[Web page caption snippets]
■ ■ ■ ■ ■
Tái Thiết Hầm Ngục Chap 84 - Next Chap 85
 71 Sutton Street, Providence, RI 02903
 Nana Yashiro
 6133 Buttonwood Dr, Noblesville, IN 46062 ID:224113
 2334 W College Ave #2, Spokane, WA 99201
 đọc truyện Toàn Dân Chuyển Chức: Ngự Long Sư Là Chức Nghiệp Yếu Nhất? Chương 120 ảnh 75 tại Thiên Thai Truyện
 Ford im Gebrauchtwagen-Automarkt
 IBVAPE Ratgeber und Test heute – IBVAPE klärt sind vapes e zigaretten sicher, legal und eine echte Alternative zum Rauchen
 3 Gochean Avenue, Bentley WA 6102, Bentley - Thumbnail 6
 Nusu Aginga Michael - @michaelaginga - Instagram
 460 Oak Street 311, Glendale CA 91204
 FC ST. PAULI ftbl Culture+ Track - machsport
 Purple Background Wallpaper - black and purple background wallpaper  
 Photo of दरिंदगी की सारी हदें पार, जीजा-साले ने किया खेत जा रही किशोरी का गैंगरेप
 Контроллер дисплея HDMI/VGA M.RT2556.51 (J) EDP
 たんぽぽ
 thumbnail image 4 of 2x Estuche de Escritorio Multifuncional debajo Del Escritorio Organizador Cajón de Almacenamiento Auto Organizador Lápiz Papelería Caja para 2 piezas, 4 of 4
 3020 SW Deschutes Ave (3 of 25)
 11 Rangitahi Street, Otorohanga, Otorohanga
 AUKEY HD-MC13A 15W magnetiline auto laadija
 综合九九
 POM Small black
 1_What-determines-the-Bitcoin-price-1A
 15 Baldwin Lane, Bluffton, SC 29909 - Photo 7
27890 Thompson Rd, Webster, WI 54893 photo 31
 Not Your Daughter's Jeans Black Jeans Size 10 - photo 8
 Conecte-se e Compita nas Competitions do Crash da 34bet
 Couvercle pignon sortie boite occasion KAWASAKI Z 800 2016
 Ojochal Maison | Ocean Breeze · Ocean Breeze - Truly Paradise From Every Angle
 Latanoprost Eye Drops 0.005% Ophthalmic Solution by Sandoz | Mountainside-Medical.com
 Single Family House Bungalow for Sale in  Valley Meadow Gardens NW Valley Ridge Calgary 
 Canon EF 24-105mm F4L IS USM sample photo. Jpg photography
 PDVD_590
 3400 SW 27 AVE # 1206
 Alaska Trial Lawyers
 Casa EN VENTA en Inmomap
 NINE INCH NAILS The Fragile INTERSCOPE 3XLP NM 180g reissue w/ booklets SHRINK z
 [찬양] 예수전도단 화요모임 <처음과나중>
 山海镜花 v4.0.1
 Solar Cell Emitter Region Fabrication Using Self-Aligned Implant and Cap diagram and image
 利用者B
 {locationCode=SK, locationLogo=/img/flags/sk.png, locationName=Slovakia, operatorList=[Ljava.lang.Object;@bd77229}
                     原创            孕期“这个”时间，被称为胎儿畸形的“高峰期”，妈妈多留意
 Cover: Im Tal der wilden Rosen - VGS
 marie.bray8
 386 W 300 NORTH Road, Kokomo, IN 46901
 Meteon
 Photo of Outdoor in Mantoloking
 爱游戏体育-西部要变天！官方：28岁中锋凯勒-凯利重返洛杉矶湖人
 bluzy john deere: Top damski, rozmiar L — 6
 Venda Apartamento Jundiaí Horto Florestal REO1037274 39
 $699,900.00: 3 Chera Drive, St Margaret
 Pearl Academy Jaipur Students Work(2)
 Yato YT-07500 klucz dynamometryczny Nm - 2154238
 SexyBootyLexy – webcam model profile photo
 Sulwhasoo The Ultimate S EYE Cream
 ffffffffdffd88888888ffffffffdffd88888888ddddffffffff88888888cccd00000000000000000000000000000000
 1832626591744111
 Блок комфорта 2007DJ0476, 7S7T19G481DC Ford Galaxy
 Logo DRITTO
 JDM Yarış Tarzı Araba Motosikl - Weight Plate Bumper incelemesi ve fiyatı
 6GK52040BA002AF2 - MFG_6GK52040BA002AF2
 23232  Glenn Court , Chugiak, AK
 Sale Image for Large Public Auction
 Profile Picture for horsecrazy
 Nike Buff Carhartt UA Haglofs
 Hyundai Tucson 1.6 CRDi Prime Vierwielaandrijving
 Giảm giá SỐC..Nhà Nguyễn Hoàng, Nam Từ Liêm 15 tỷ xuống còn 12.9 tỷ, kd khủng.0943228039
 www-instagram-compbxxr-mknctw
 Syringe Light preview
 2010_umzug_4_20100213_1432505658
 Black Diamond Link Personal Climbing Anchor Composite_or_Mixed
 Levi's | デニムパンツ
■ ■ ■ ■ ■
Goal of the exercise
Would you restate the records word for word?

Answer
Tái Thiết Hầm Ngục Chap 84 - Next Chap 85
 71 Sutton Street, Providence, RI 02903
 Nana Yashiro
 6133 Buttonwood Dr, Noblesville, IN 46062 ID:224113
 2334 W College Ave #2, Spokane, WA 99201
 đọc truyện Toàn Dân Chuyển Chức: Ngự Long Sư Là Chức Nghiệp Yếu Nhất? Chương 120 ảnh 75 tại Thiên Thai Truyện
 Ford im Gebrauchtwagen-Automarkt
 IBVAPE Ratgeber und Test heute – IBVAPE klärt sind vapes e zigaretten sicher, legal und eine echte Alternative zum Rauchen
 3 Gochean Avenue, Bentley WA 6102, Bentley - Thumbnail 6
 Nusu Aginga Michael - @michaelaginga - Instagram
 460 Oak Street 311, Glendale CA 91204
 FC ST. PAULI ftbl Culture+ Track - machsport
 Purple Background Wallpaper - black and purple background wallpaper  
 Photo of दरिंदगी की सारी हदें पार, जीजा-साले ने किया खेत जा रही किशोरी का गैंगरेप
 Контроллер дисплея HDMI/VGA M.RT2556.51 (J) EDP
 たんぽぽ
 thumbnail image 4 of 2x Estuche de Escritorio Multifuncional debajo Del Escritorio Organizador Cajón de Almacenamiento Auto Organizador Lápiz Papelería Caja para 2 piezas, 4 of 4
 3020 SW Deschutes Ave (3 of 25)
 11 Rangitahi Street, Otorohanga, Otorohanga
 AUKEY HD-MC13A 15W magnetiline auto laadija
 综合九九
 POM Small black
 1_What-determines-the-Bitcoin-price-1A
 15 Baldwin Lane, Bluffton, SC 29909 - Photo 7
27890 Thompson Rd, Webster, WI 54893 photo 31
 Not Your Daughter's Jeans Black Jeans Size 10 - photo 8
 Conecte-se e Compita nas Competitions do Crash da 34bet
 Couvercle pignon sortie boite occasion KAWASAKI Z 800 2016
 Ojochal Maison | Ocean Breeze · Ocean Breeze - Truly Paradise From Every Angle
 Latanoprost Eye Drops 0.005% Ophthalmic Solution by Sandoz | Mountainside-Medical.com
 Single Family House Bungalow for Sale in  Valley Meadow Gardens NW Valley Ridge Calgary 
 Canon EF 24-105mm F4L IS USM sample photo. Jpg photography
 PDVD_590
 3400 SW 27 AVE # 1206
 Alaska Trial Lawyers
 Casa EN VENTA en Inmomap
 NINE INCH NAILS The Fragile INTERSCOPE 3XLP NM 180g reissue w/ booklets SHRINK z
 [찬양] 예수전도단 화요모임 <처음과나중>
 山海镜花 v4.0.1
 Solar Cell Emitter Region Fabrication Using Self-Aligned Implant and Cap diagram and image
 利用者B
 {locationCode=SK, locationLogo=/img/flags/sk.png, locationName=Slovakia, operatorList=[Ljava.lang.Object;@bd77229}
                     原创            孕期“这个”时间，被称为胎儿畸形的“高峰期”，妈妈多留意
 Cover: Im Tal der wilden Rosen - VGS
 marie.bray8
 386 W 300 NORTH Road, Kokomo, IN 46901
 Meteon
 Photo of Outdoor in Mantoloking
 爱游戏体育-西部要变天！官方：28岁中锋凯勒-凯利重返洛杉矶湖人
 bluzy john deere: Top damski, rozmiar L — 6
 Venda Apartamento Jundiaí Horto Florestal REO1037274 39
 $699,900.00: 3 Chera Drive, St Margaret
 Pearl Academy Jaipur Students Work(2)
 Yato YT-07500 klucz dynamometryczny Nm - 2154238
 SexyBootyLexy – webcam model profile photo
 Sulwhasoo The Ultimate S EYE Cream
 ffffffffdffd88888888ffffffffdffd88888888ddddffffffff88888888cccd00000000000000000000000000000000
 1832626591744111
 Блок комфорта 2007DJ0476, 7S7T19G481DC Ford Galaxy
 Logo DRITTO
 JDM Yarış Tarzı Araba Motosikl - Weight Plate Bumper incelemesi ve fiyatı
 6GK52040BA002AF2 - MFG_6GK52040BA002AF2
 23232  Glenn Court , Chugiak, AK
 Sale Image for Large Public Auction
 Profile Picture for horsecrazy
 Nike Buff Carhartt UA Haglofs
 Hyundai Tucson 1.6 CRDi Prime Vierwielaandrijving
 Giảm giá SỐC..Nhà Nguyễn Hoàng, Nam Từ Liêm 15 tỷ xuống còn 12.9 tỷ, kd khủng.0943228039
 www-instagram-compbxxr-mknctw
 Syringe Light preview
 2010_umzug_4_20100213_1432505658
 Black Diamond Link Personal Climbing Anchor Composite_or_Mixed
 Levi's | デニムパンツ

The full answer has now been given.